Records for the exercise: Begin
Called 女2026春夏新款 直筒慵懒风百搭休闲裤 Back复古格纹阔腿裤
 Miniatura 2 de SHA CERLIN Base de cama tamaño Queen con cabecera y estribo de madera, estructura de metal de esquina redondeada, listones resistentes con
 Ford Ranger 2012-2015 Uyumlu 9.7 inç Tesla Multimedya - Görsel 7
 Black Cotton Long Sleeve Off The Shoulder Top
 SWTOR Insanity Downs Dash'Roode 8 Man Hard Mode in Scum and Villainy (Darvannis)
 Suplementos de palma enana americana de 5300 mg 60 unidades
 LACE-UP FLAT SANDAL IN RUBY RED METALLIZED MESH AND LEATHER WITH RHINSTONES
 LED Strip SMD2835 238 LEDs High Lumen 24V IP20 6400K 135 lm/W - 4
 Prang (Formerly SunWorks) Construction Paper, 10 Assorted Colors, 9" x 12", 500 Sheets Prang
Records for the exercise: End
== Your task ==
Whatever the number of entries above, each one is to be copied exactly.

== Task answer ==
Called 女2026春夏新款 直筒慵懒风百搭休闲裤 Back复古格纹阔腿裤
 Miniatura 2 de SHA CERLIN Base de cama tamaño Queen con cabecera y estribo de madera, estructura de metal de esquina redondeada, listones resistentes con
 Ford Ranger 2012-2015 Uyumlu 9.7 inç Tesla Multimedya - Görsel 7
 Black Cotton Long Sleeve Off The Shoulder Top
 SWTOR Insanity Downs Dash'Roode 8 Man Hard Mode in Scum and Villainy (Darvannis)
 Suplementos de palma enana americana de 5300 mg 60 unidades
 LACE-UP FLAT SANDAL IN RUBY RED METALLIZED MESH AND LEATHER WITH RHINSTONES
 LED Strip SMD2835 238 LEDs High Lumen 24V IP20 6400K 135 lm/W - 4
 Prang (Formerly SunWorks) Construction Paper, 10 Assorted Colors, 9" x 12", 500 Sheets Prang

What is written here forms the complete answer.